*** Opening PROVIDED DATA ***

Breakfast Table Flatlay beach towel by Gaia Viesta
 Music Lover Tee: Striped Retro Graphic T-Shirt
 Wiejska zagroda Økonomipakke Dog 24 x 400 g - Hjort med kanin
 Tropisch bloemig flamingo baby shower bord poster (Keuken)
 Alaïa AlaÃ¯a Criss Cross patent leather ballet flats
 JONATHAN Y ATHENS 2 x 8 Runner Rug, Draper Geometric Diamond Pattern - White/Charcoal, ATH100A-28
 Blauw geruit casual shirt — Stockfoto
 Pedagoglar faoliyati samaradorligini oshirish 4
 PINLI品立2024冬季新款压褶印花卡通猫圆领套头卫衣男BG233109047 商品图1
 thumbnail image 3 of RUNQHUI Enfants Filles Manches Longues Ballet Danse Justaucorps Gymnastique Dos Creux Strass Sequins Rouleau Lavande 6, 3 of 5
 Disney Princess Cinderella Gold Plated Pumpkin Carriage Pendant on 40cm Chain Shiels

*** Closing PROVIDED DATA ***

*TASK PROMPT:* Start at the first line of the material and transcribe each line exactly, stopping once the line containing "Pedagoglar faoliyati samaradorligini" has been written.

*ANSWER BOX:*
Breakfast Table Flatlay beach towel by Gaia Viesta
 Music Lover Tee: Striped Retro Graphic T-Shirt
 Wiejska zagroda Økonomipakke Dog 24 x 400 g - Hjort med kanin
 Tropisch bloemig flamingo baby shower bord poster (Keuken)
 Alaïa AlaÃ¯a Criss Cross patent leather ballet flats
 JONATHAN Y ATHENS 2 x 8 Runner Rug, Draper Geometric Diamond Pattern - White/Charcoal, ATH100A-28
 Blauw geruit casual shirt — Stockfoto
 Pedagoglar faoliyati samaradorligini oshirish 4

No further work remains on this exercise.